Ein tatsächliches Loch im Unterboden, was die effektivste Lösung wäre, wurde 2012 als nicht zulässig eingestuft, als es Mercedes in Monaco erstmals einsetzte. Red Bull pochte damals auf seine eigene Interpretation der Regeln.
Seither versehen die Teams ihre Unterböden vor den Hinterrädern mit immer mehr Schlitzen, die oft kaum zu erkennen sind. Sie helfen, den Luftstrom vor den Hinterrädern zu steuern und zu glätten, damit auch der Diffusor im Heck des Fahrzeugs optimal angeströmt wird.
Die Heckflügel-Halterung
Toro Rosso hat für die Formel-1-Saison 2016 zahlreiche Ideen übernommen, die andere Teams im Starterfeld entwickelt hatten. Allerdings wird derzeit auch ein Ansatz kopiert, der im Original von Toro Rosso stammt.
Im Bild oben ist zu sehen, dass Toro Rosso 2015 eine Heckflügel-Halterung in Form einer senkrechten Strebe verwendet hat. Diese Vorrichtung wurde durch den Auspuff hindurchgelegt. Damit bewegte sich das Team in einer Grauzone der Regeln.
Denn so konnte Toro Rosso nicht nur Gewicht einsparen, sondern brauchte auch keine Strebe in Y-Form, die um den Auspuff herumgelegt werden müsste. Weil diese Y-Strebe eben nicht da ist, ist die Luft, die von der Motorhaube kommend über diese Stelle hinwegströmt, wesentlich ruhiger – sie hat ein Hindernis weniger zu überwinden.

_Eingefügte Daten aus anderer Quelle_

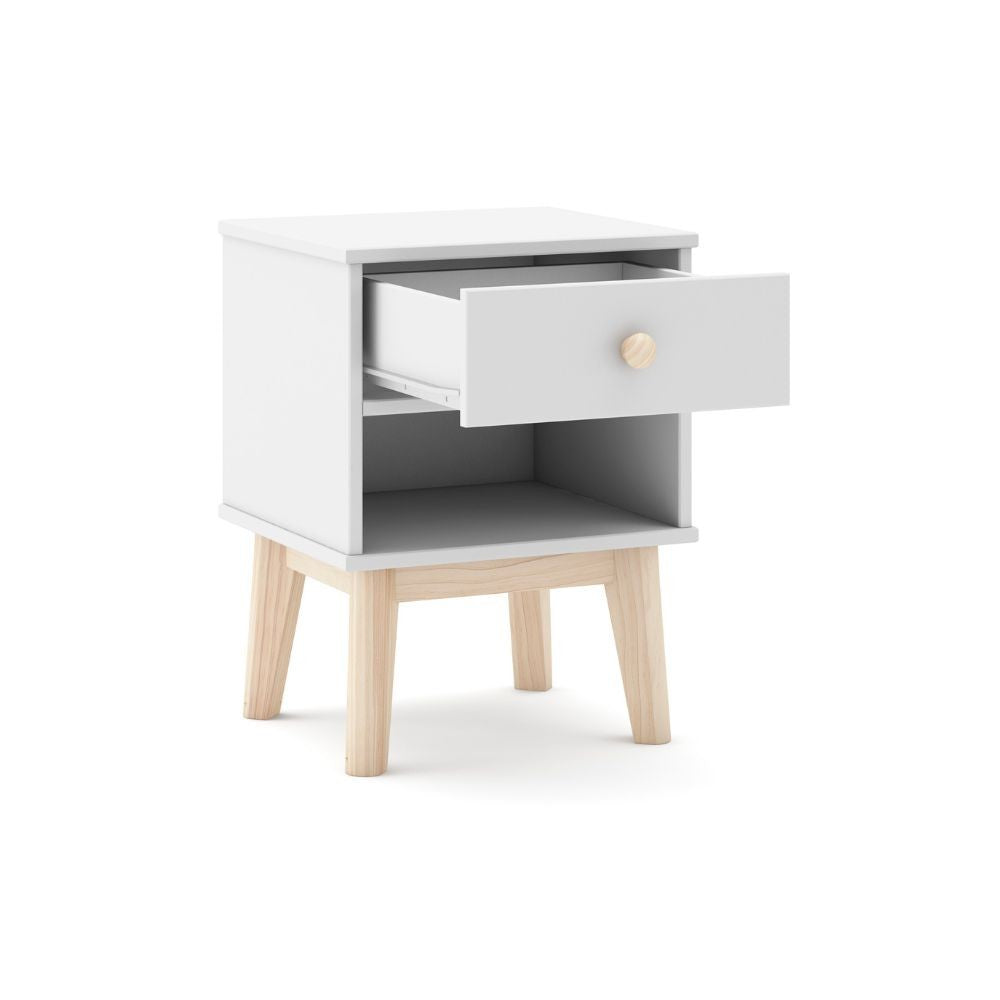 Comodino per cameretta Esteban 1 cassetto in legno massiccio colore bianco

Außerdem bedeutet diese Lösung natürlich, dass die durch das Auspuffrohr ragende Strebe das ausströmende Abgas beeinflusst. Ein willkommener Nebeneffekt, schließlich fällt es den Teams nach wie vor schwer, die Abgase kontrolliert nach hinten wegzulenken. Die Strebe könnte stabilisierend wirken und so indirekt auch die Leistung des Turbos fördern.
Toro Rosso ist bei dieser Vorrichtung geblieben, auch wenn es in diesem Jahr nur die Vorjahresmotoren von Ferrari einsetzt. Das Ferrari-Werksteam (im Bild oben), Haas (im Bild unten) und McLaren haben dieses Konzept für sich übernommen.